▶ **Stored data entries**:
*** Begin section ***

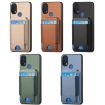 Motorola Moto G Stylus 5G 2024 Carbon Fiber Wallet Stand Case - 6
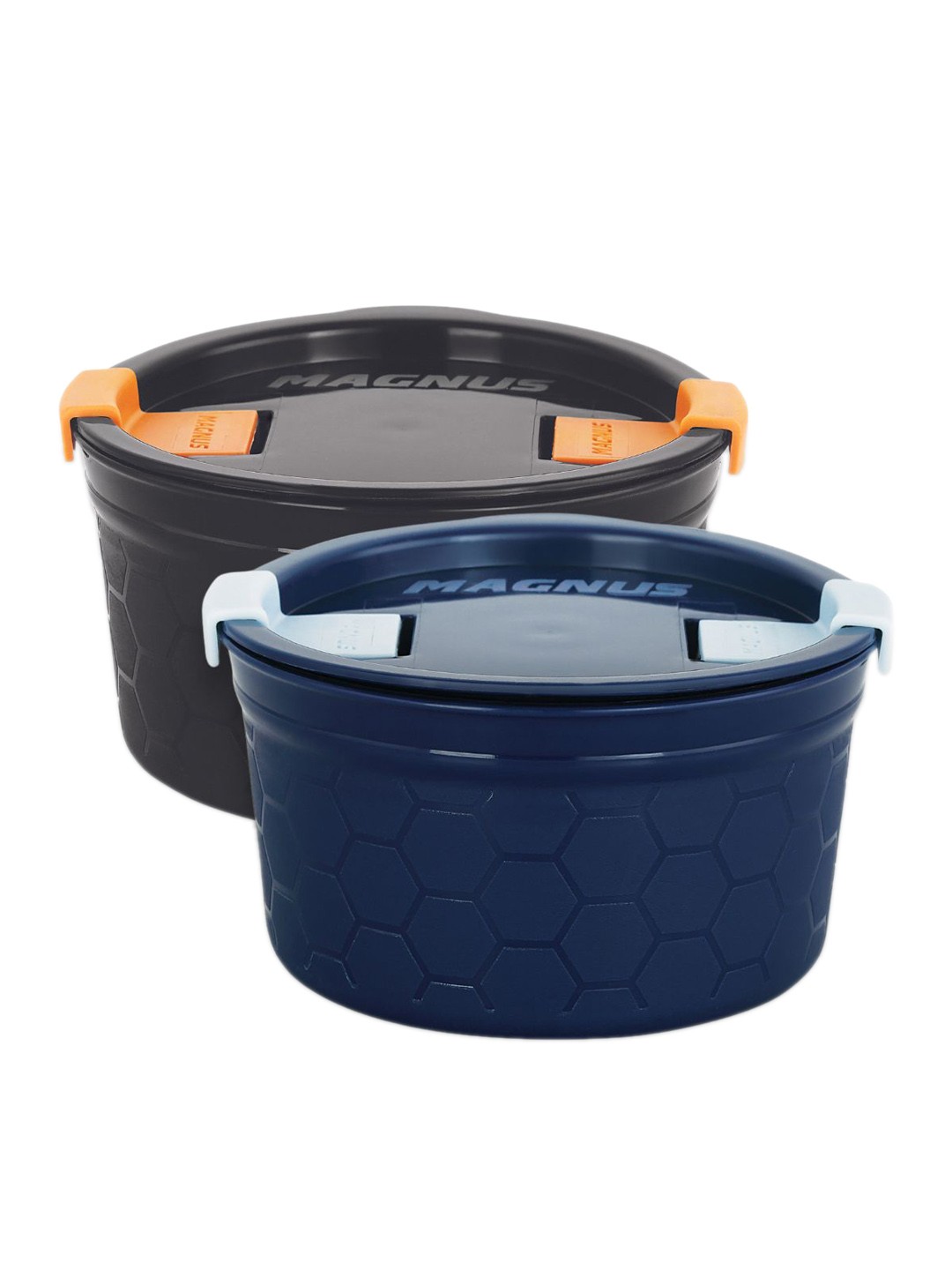 

MAGNUS 2-Pcs Blue & Black Textured Microwave Steam Lock Containers 300 ml Each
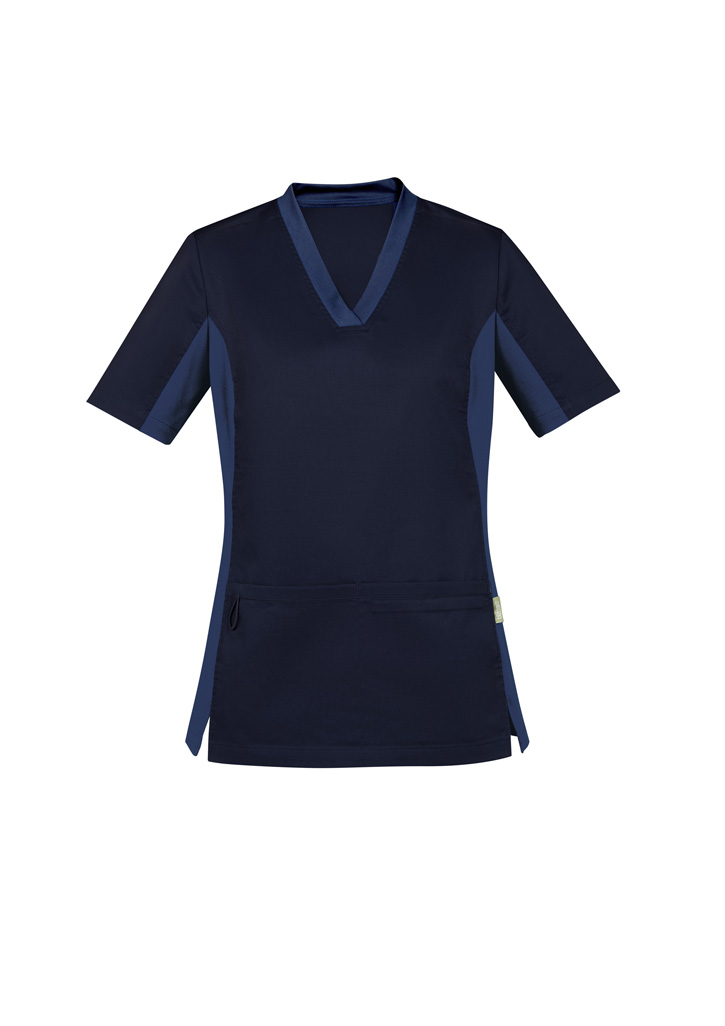 Womens Riley Stretch Scrub Top - Image 8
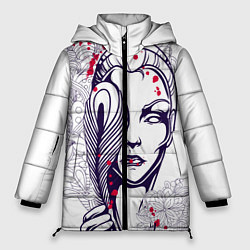 Куртка зимняя женская Богиня, цвет: 3D-черный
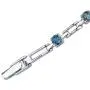 Peora London Blue Topaz Bracelet Sterling Silver 3.00 Carats Chic Design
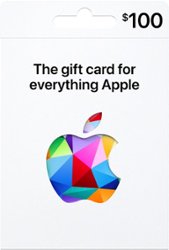 Apple - $100 Gift Card - App Store, Apple Music, iTunes, iPhone, iPad, AirPods, accessories, and more - Front_Zoom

*** End section ***

▶ **What the task asks**: All lines from the one holding "MAGNUS 2-Pcs Blue" through the last line of the records need to be copied exactly, both ends included, and the pictures left behind.

▶ **Written answer**:
MAGNUS 2-Pcs Blue & Black Textured Microwave Steam Lock Containers 300 ml Each
 Womens Riley Stretch Scrub Top - Image 8
 Куртка зимняя женская Богиня, цвет: 3D-черный
 Peora London Blue Topaz Bracelet Sterling Silver 3.00 Carats Chic Design
 Apple - $100 Gift Card - App Store, Apple Music, iTunes, iPhone, iPad, AirPods, accessories, and more - Front_Zoom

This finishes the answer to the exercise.